Thanatologue, une vocation qui s’affirme par le courage et la conviction

By Annie Joan Gagnon

Août 14

Selon le dictionnaire, la thanatologie est la science de la mort ou en d’autres termes, l’étude de la mort. J’en conviens, un sujet assez délicat, qui ne prête pas à la rigolade. Mais découvrez, ici, avec moi, une facette de cette profession jusqu’alors méconnue. Je vous présente Marie-Pierre Turgeon, thanatologue de métier, avec qui j’ai mené une entrevue authentique et qui a su mettre en lumière mes questionnements sur ce thème, dont la profondeur relève tant de mystères…

Bonjour Marie-Pierre, c’est très gentil à toi d’avoir accepté cet entretien pour les internautes de Productions Extrême. En premier lieu, pourrais-tu nous raconter comment s’est déclarée à toi, l’envie de devenir thanatologue?

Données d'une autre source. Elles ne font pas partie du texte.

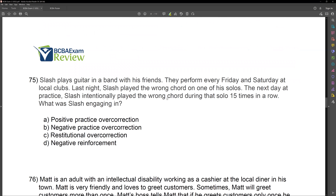Question 75. Slash plays guitar in a band with his friends. They perform every Friday and Saturday at local clubs. Last night, Slash played the wrong chord on one of his solos. The next day at practice, Slash intentionally played the wrong chord during that solo 15 times in a row. What was Slash engaging in? If you perform the incorrect behavior over and over again, that is negative practice. If you perform the correct behavior over and over again, that's positive practice. Slash played the wrong chord 15 times in a row — that is negative practice overcorrection, not positive practice and not negative reinforcement.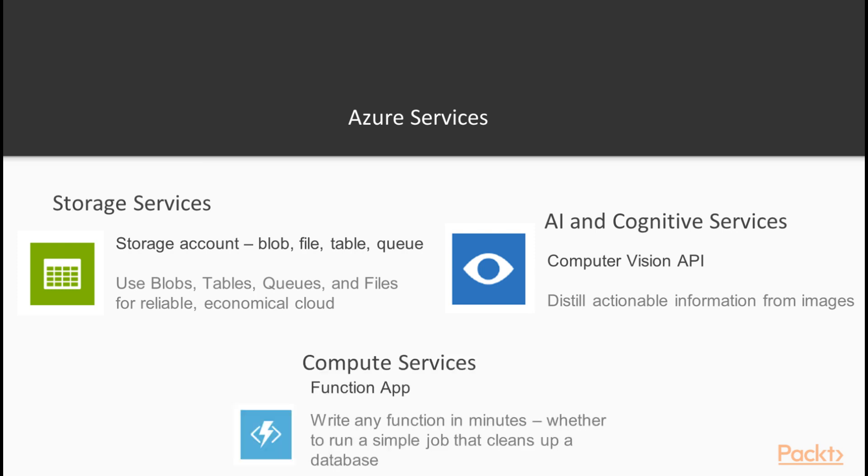The third highly customizable and useful service is the Azure Function app that allows us to add code into our workflow.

-Ce fut un long processus, fondé sur la curiosité… J’ai eu la chance d’assister à des rituels funéraires dès l’âge de 7 ans. Un oncle qui m’était très cher est décédé du cancer, et mes parents ont jugé bon de m’amener avec eux au salon funéraire. J’ai pu toucher à la dépouille, et voir le réseau de soutien se créer dans la famille. Un adulte a pris la peine de discuter avec les jeunes enfants présents, sur la différence entre le sommeil et la mort. Cette première expérience m’a permis de ne pas avoir peur des défunts, et de comprendre l’importance de dire ‘au revoir’, sans être traumatisée, ni particulièrement attirée par le sujet de la mort. Ensuite, jeune adolescente, j’ai dû faire face au décès subit de mon grand-père. J’ai été impressionnée par son apparence lors de l’exposition, il était très beau! J’ai discuté avec les employés du salon funéraire, pour satisfaire ma curiosité sur certains sujets entourant les funérailles de mon grand-père. Bien que la peine fut grande, j’ai quitté le salon funéraire avec une certaine sérénité, sans toutefois avoir d’intérêt supplémentaire pour ce métier. L’année suivante, à l’école, les résultats d’un test de personnalité suggéraient que je puisse devenir une bonne fleuriste, vétérinaire, ou thanatologue! J’ai choisi de faire mon projet de recherche et la présentation devant la classe sur le sujet des embaumeurs. À ce point, je n’avais pas encore envie de devenir thanatologue, mais j’étais très à l’aise avec tout ce qui entourait le sujet. Au moment des inscriptions au CEGEP, je ne savais pas quel programme choisir. J’ai pris une chance, en sélectionnant le programme de Techniques en Thanatologie, un programme très contingenté. À ma grande surprise, j’ai été admise au programme, et depuis, c’est une passion qui se développe jour après jour, pour le service à la clientèle dans les moments difficiles.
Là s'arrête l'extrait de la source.